One analyst already has pointed out that a buyback alone could increase EPS by anywhere from $3 to $11 per share. But the figure likely is to come in on the lower side. At the least, the optics of bringing cash back to the U.S. only to spend it buying back stock could cause a bit of a political issue. And there should be more aggressive ways to utilize that capital.
Apple also can put more of the cash into the actual business. Capital expenditures have been steadily rising, and Apple could continue that growth. Adding internal chip capabilities could help long-term margins. Suppliers no doubt will get some of the cash.
A lot of cash is going to go into AAPL stock and Apple operations. But what’s simply amazing about Apple is that even that cash is likely to be only a portion of the money the company has to spend.
Apple’s most interesting decision relates to its debt. The company closed fiscal 2017 with $104 billion in term debt, and another $12 billion in short-term commercial paper. Apple could repay that debt and still have some cash left over.
The irony, of course, is that the debt was issued because Apple wanted to return capital to shareholders without paying the original 35% repatriation tax. Now that the cash is available, the question is whether Apple will (or should) remove the debt. Under former CEO Steve Jobs, the company was exceedingly conservative from a balance sheet perspective.
And removing the debt would also remove $2 billion-plus in interest expense, providing a likely ~$0.30 benefit to earnings per share.

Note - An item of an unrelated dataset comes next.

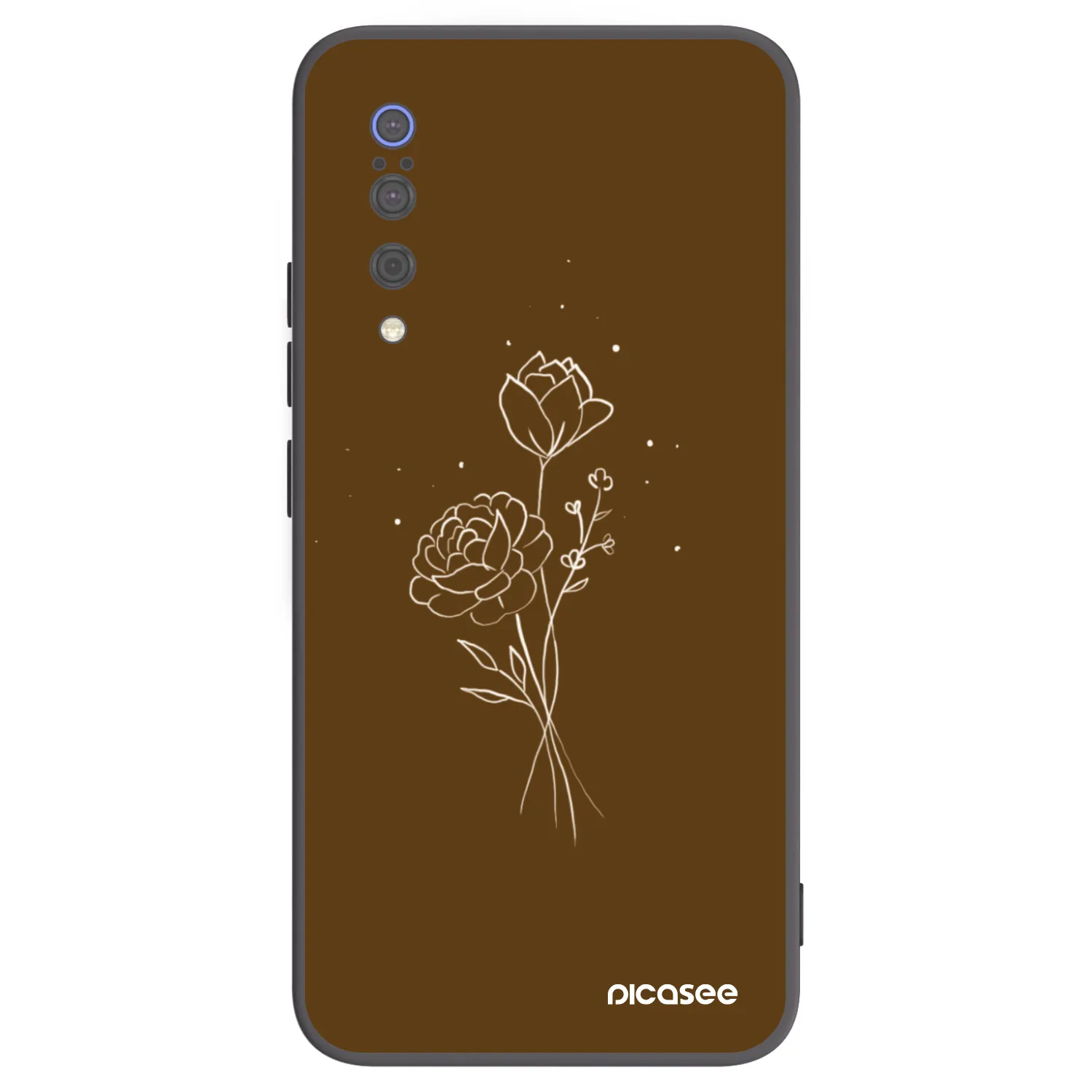Picasee Xiaomi Mi 9 Hülle - Schwarzes Silikon - Brown flowers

But the market likely would react poorly to an aggressive debt reduction plan. Apple quite obviously is at no risk of financial trouble. Interest rates are exceedingly low, the weighted average rate is barely 2% a year. An owner of AAPL stock would much, much rather the company buy back stock than debt, given that cost of capital.
Apple also has been notoriously conservative when it comes to buying companies. The company makes a number of small deals every year, along the lines of its $400 million acquisition of Shazam last month. But its two biggest deals each only cost about $3 billion: the 2014 purchase of Beats and this year’s buy (as part of a consortium) of the chip business from Toshiba Corp (USA) (OTCMKTS:TOSYY).
But Cook has targeted growth in services – a double in four years – and a bigger acquisition is needed to hit that bogey. With cash on hand, Apple could make a big move.
Netflix, Inc. (NASDAQ:NFLX) has been a long-rumored buy, as Luke Lango detailed last week. Back in May, Citigroup analysts named seven potential targets. In addition to Netflix, Walt Disney Co (NYSE:DIS) could add media content for Apple’s ecosystem.
Even Tesla Inc (NASDAQ:TSLA) has been floated, a way for Apple to extend its hardware dominance into the automotive space.
There are numerous targets – and enough cash to finance pretty much any deal Apple wants to make. The question most likely will come down to: does Apple want to spend its cash buying other companies – or just more of itself? The answer to that question likely will have a big impact on AAPL stock in 2018 and beyond.
As of this writing, Vince Martin has no positions in any securities mentioned.